![Image result for masjid qiblatain madinah](https://i.ytimg.com/vi/53h-9KbNm88/maxresdefault.jpg)
Orang Mekkah menyebutnya Masjidil
Aqsho yang berarti masjid yang jauh, karena tempatnya yang jauh dari Makkah. Ia
juga disebut dengan Baitul Maqdis (rumah suci), ia adalah masjid yang dibangun
oleh Nabi Adam AS setelah Ka’bah kemudian dibangun ulang oleh Nabi Ibrohim AS
dan direnovasi serta diperluas oleh Nabi Sulaiman AS. Nabi Sulaiman menjadikan
Masjidil Aqsho sebagai bangunan yang megah, beliau menghiasi dinding-dinding
serta atapnya dengan emas, perak dan batu-batu permata. Bangunan megah itu
terawatdan tetap utuh sejak dibangun oleh Nabi Sulaiman itu, sampai akhirnya ia
dihancurkan oleh pasukan Raja Majusi dari Iraq yang dibantu oleh pasukan
Nasrani dari Romawi. Pasukan itu merusak Masjidil Aqsho serta memboyong emas
dan batu-batu permatanya ke Iraq.
Dari zaman ke zaman, Masjidil
Aqsho menjadi rumah suci dan qiblat bagi Nabi Ya’qub atau Isroil bin Ibrohim
serta keturunan beliau yang dikenal dengan Bani Isroil atau bangsa Yahudi.
Seperti kita tahu, di Madinah
terdapat banyak orang Yahudi yang dulunya memang menunggu kedatangan Nabi akhir
zaman, maka ketika Nabi Muchammad SAW datang dan beliau berkiblat ke Masjidil
Aqsho, tentu saja hal itu membuat orang Yahudi gembira dan diharapkan lebih
mudah menerima Nabi Muchammad SAW. Selain itu, kedatangan Nabi Muchammad SAW juga
menjadi sebab perdamaian dua suku Aus dan Khozroj, sebelumnya kedua suku itu
selalu berperang sehingga mengganggu perekonomian Madinah yang saat itu dikuasai
orang Yahudi.
Awalnya orang Yahudi Madinah
gembira, karena orang yang mengaku Nabi akhir zaman itu ibadahnya menghadap
Masjidil Aqsho, apalagi berhasil mengamankan Madinah dari perang suku sehingga
menguntungkan mereka dalam hal perekonomian. Namun mereka kemudian mulai merasa
iri, karena Nabi akhir zaman itu bukan dari keluarga mereka, bukan keturunan
Isroil bin Ibrohim, melainkan keturunan Ismail bin Ibrohim. Merekapun mulai
mencari-cari alasan untuk mendustakan Nabi Muchammad SAW.

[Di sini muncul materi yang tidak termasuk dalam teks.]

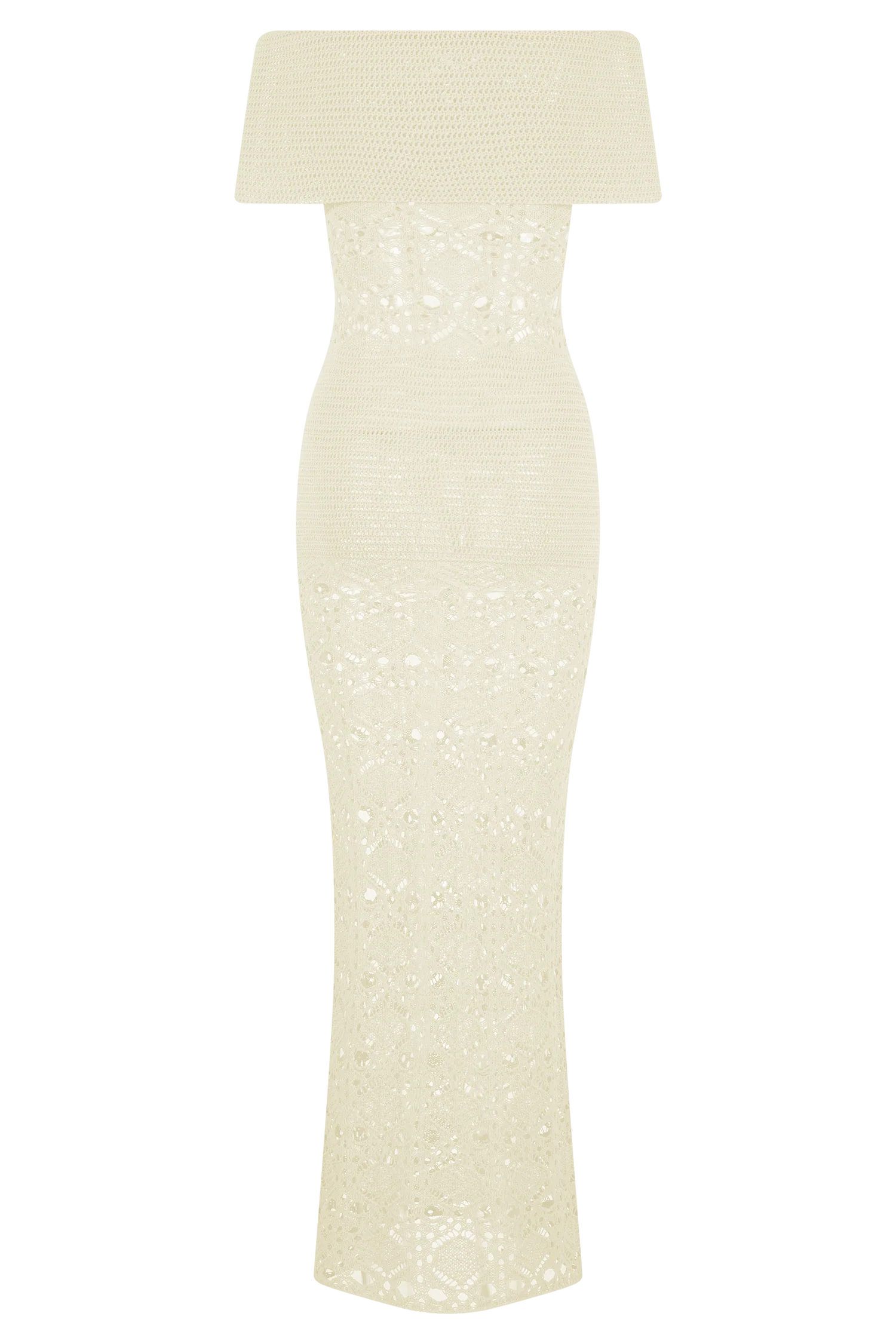 Solstice Off Shoulder Crochet Knit Maxi Dress - Ivory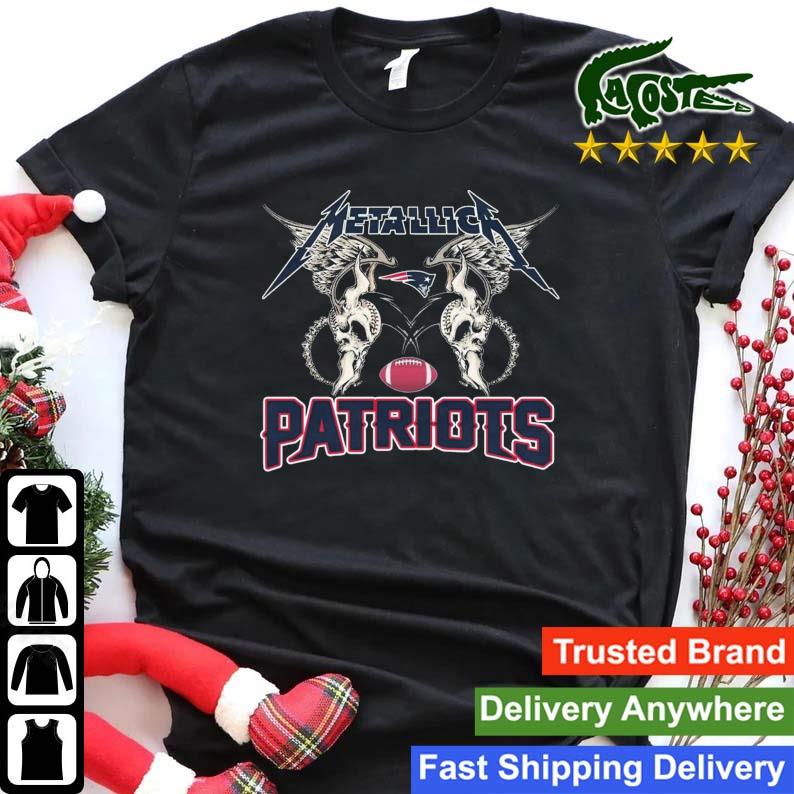 Nfl New England Patriots Logo Black Metallica Wings Sweats Shirt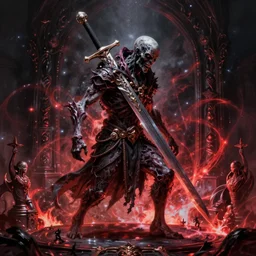 A decrepit undead being carrying a greatsword by andres rios artstation, stunning fantasy horror, smooth, intricate, ornate, galactic energy, blood aura, sacrificial altar, digital painting, artstation, concept art, morbid fantasy, sharp focus, illustration, trending on artstation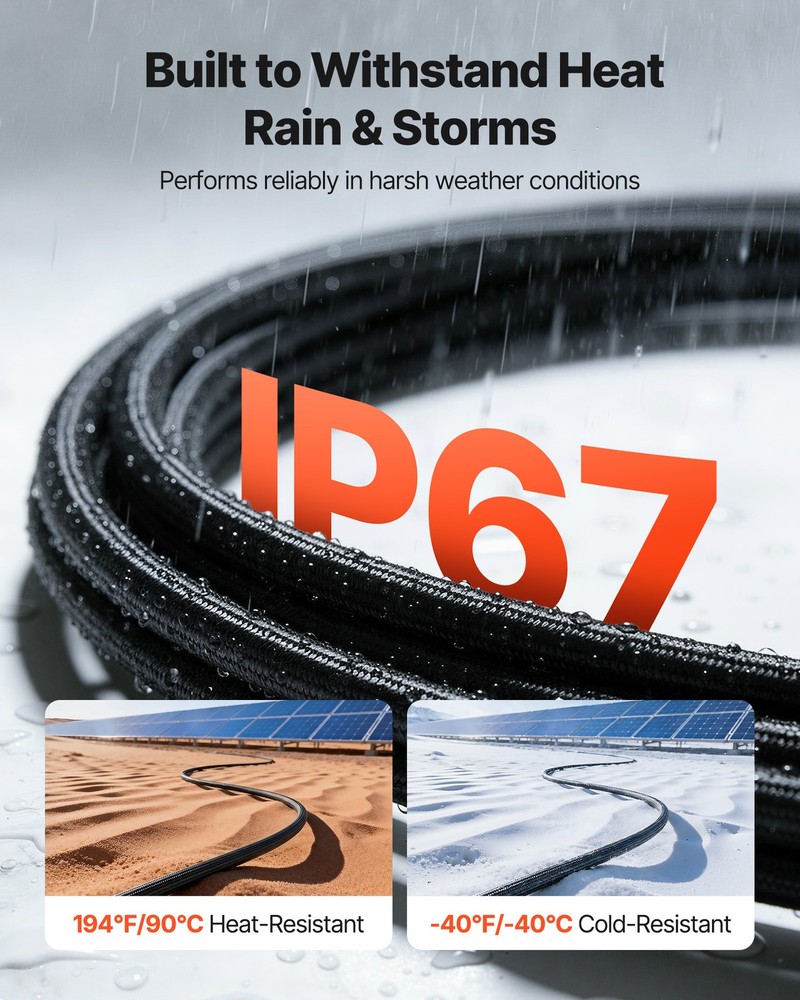 VEVOR 100FT Solar Panel Extension Cable 10AWG Solar Panel Wire with Connector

Naluri Iman dan Kemanusiaan
Sementara itu, ketika Nabi
Muchammad diperintah untuk mengganti Qiblat dari Ka’bah kea rah Masjidil Aqsho,
secara naluri kemanusiaan beliau merasa berat, demikian juga dengan para
sahabat. Sejak kecil mereka sudah terbiasa dengan menghormati Ka’bah, kini
mereka harus menghadap kea rah Masjidil Aqsho, sementara Ka’bah ada didekat
mereka. Maka mereka sedang diuji dengan kiblat baru itu, apakah mereka lebih
mengikuti naluri kemanusiaan atau naluri iman. Para sahabat ikut Nabi Muchammad
bukan karena beliau mempertahankan tradisi leluhur, buktinya mereka tetap ikut
beliau walaupun harus ganti Qiblat. Mereka ikut beliau karena terlihatnya
kebenaran, bukan karena fanatic golongan dan tradisi.
Kemudian, untuk menenangkan hati
Nabi Muchammad dan para sahabat yang sedang pindah Qiblat itu, ALLooh
mengingatkan mereka bahwa di arah manapun mereka akan menjempai ALLooh. ALLooh
SWT berfirman dalam surat Al-Baqoroh ayat 115 yang artinya : “Dan milik ALLooh lah timur dan barat,
kemanapun kalian menghadap maka di situlah qiblat ALLooh, sesungguhnya ALLooh
itu Maha Luas dan Maha Mengetahui.”
Satu arah yang ditentukan itu
hanya untuk memantapkan kepasrahan dan menyatukan barisan dalam beribadah
secara berjamaah. Kalau tidak, maka sejatinya ALLooh akan dijumpai di setiap
arah. Qiblat sesungguhnya bukan kemana wajah menghadap, tapi ke mana hati
menghadap. Dengan demikian, diharapkan kekhusyu’an para sahabat di dalam sholat
mereka tidak tidak terganggu oleh pergantian qiblat itu.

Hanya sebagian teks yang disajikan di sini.